Eric Rondepiere a affronté le visage d’une femme située en face de lui. L’artiste évoque cette confrontation de la manière suivante : « Le regard se perd dans la cavité d’un front, ses dents semblent luire à côté de son visage ; son cou devient un chaos de formes sous un soleil confus de métamorphoses. Je n’ai rien oublié de ce que fait d’elle le clic de la souris. » La prise a donc entrapiné ce qu’il nomme une « catastrophe » et d’ajouter : « Une brume liquide et blanchâtre stagne à l’intérieur, de chaque côté d’un mur qui se dresse dans le cuir chevelu (…)Nul De toute la moitié supérieure émerge une trame de chair ou l’enroulement d’une chevelure, qui sait ? ».
Une telle prise et sa transcription plastique entraînent une série de blessures qui font que le beauté initiale de la femme se transforme en une sorte de pâte où tout se mixte de manière imprécise. Le visage ouvre à un chaos « tendu, contenu, encerclé par le visage » que l’artiste montre comme de manière faussement fortuite. Bref, le hasard fait bien ou mal les choses. Si bien que l’artiste tente d’embrasser toutes les figures du désordre « dépourvu de toute allégeance à quelque modèle vérifiable ».
« Détruire » dit-il en quelque sorte, mais en un exercice paradoxal d’admiration que l’artiste définit comme « en creux ». C’est un moyen à la fois d’enchanter et de réenchanter l’image loin de celles que proposent les écrans de cinéma dans leur mimesis.
C’est tout autant une manière de casser le système des images : « le personnage — visuellement, l’actrice — doit devenir autre, il doit se méconnaître, abdiquer. » L’artiste joue de l’illusion et la « transforme en un rêve de plus en plus abscons. ». Existe un jeu de masques qui démasque dans un travail de tension entre le jeu de la ressemblance et de sa distorsion.

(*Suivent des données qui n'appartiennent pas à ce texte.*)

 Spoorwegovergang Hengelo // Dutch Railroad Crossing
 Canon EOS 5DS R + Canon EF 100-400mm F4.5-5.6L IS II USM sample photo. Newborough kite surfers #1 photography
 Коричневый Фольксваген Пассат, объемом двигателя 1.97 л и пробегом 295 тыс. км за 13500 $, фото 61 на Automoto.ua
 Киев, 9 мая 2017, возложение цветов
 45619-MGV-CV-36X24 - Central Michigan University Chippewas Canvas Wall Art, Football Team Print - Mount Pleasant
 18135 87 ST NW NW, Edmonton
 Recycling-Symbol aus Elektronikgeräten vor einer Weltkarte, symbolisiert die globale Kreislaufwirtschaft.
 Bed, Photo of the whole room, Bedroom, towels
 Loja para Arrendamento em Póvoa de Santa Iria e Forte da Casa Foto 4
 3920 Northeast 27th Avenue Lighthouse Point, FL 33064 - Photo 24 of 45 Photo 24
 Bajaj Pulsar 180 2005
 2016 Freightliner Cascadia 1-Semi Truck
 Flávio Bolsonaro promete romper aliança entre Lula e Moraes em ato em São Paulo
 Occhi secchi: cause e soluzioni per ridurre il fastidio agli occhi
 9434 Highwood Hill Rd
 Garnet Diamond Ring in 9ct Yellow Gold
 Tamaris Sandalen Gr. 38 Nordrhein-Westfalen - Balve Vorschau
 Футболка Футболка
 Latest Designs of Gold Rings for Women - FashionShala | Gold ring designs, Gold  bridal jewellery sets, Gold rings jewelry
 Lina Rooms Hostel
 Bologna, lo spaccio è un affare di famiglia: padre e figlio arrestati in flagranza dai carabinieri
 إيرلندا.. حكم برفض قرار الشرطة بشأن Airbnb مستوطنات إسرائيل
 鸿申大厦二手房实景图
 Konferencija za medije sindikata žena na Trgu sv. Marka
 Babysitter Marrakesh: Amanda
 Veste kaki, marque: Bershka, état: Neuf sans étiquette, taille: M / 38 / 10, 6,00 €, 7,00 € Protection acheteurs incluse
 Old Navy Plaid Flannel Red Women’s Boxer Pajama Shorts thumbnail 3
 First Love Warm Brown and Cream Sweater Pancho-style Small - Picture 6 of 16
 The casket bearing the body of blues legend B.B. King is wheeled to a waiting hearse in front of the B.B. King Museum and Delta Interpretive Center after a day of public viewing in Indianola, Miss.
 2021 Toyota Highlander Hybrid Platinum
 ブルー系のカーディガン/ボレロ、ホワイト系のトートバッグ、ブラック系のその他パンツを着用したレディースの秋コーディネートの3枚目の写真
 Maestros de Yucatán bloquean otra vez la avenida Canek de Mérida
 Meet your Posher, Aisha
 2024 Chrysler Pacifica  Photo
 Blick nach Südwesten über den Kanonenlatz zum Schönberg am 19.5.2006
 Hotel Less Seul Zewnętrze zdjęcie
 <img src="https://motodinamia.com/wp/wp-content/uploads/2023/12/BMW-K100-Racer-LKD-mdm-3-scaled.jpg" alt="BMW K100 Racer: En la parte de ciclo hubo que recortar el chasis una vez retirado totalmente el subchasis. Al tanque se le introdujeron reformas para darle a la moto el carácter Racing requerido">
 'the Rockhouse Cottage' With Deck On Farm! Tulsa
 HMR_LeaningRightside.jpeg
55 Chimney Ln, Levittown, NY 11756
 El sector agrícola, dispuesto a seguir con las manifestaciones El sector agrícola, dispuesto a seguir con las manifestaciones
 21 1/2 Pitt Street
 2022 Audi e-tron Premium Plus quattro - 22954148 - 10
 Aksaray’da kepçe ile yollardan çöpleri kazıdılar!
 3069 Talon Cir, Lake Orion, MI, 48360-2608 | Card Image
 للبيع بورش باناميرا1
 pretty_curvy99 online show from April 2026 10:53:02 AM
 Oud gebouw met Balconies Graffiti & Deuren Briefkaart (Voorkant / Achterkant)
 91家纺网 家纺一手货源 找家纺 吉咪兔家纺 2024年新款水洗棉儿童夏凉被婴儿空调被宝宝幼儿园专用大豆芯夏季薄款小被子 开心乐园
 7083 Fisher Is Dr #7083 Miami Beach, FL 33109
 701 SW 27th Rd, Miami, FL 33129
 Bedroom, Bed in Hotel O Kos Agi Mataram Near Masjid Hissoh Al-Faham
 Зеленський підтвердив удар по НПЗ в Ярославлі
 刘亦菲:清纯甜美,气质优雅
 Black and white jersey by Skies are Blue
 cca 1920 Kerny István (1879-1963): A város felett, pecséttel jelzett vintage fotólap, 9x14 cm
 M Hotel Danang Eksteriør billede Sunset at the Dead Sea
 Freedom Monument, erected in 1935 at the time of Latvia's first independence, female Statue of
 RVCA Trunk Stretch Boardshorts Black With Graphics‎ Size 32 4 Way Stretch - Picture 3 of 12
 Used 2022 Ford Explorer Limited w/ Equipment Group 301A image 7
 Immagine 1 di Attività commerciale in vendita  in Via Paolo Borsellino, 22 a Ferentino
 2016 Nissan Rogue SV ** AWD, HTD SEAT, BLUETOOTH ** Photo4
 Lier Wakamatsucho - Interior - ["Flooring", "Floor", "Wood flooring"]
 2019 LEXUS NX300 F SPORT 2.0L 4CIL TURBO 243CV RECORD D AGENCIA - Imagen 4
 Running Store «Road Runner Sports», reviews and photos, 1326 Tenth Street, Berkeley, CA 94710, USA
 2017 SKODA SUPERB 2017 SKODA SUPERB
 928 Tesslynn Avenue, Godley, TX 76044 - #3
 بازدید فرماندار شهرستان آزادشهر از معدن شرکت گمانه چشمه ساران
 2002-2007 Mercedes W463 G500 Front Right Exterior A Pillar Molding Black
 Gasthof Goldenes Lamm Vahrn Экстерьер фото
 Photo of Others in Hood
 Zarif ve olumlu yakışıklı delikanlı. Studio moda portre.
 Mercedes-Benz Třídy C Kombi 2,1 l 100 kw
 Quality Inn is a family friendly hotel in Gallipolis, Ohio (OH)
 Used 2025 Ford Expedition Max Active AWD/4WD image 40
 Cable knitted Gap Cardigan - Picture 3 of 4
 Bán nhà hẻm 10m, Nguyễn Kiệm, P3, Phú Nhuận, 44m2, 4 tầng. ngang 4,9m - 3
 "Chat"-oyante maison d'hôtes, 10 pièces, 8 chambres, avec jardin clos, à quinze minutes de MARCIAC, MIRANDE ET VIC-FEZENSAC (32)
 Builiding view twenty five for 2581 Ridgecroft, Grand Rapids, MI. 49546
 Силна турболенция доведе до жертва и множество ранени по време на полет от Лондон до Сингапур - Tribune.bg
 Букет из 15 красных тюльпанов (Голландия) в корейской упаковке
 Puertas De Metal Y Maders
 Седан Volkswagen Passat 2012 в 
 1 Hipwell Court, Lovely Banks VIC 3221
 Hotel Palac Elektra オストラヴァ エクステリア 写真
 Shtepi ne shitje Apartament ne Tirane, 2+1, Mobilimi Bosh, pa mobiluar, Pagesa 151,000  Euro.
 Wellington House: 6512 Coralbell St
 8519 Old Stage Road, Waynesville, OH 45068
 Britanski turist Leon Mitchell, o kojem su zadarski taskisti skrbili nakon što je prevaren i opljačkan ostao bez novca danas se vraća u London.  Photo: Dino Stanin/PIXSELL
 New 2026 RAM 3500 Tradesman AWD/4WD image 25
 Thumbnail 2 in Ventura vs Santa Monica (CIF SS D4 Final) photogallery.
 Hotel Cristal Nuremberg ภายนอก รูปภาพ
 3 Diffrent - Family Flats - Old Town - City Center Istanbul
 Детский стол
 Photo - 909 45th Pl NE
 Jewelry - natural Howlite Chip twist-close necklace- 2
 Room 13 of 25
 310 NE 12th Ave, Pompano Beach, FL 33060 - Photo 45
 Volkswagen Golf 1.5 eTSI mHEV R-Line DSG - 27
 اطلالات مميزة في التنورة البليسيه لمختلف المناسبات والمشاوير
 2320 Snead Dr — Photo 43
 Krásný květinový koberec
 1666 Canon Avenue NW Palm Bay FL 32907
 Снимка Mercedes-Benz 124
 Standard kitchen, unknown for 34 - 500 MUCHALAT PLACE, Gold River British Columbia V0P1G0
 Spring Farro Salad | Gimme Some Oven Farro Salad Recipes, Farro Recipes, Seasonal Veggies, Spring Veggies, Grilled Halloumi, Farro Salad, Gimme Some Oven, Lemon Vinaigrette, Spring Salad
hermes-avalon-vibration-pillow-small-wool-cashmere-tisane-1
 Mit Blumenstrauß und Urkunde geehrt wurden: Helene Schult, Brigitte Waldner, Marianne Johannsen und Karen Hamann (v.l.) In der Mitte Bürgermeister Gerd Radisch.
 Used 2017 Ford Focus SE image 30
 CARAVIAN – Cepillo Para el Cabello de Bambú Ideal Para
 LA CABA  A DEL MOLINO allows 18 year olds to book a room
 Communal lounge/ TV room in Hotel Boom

L’artiste offre un autre type de « grâce » dans une série qui prolonge celle nommée “DSL” (Digital Suscriber Line) tout en rejouant par la bande les altérations proposées à la matière filmique (cf. ses Précis de décomposition et Moires) mais qui ne se limitent plus ici à des « glitches » : à savoir d’infimes perturbations dans le flux numérique.
jean-paul gavard-perret
Eric Rondepierre, F.I.J, Galerie Isabelle Gounod, Paris,du 7 avril au 12 mai 2018.
Livre Eric Rondepierre, f.i.j. , Nuit Myrtide Editions, 2018.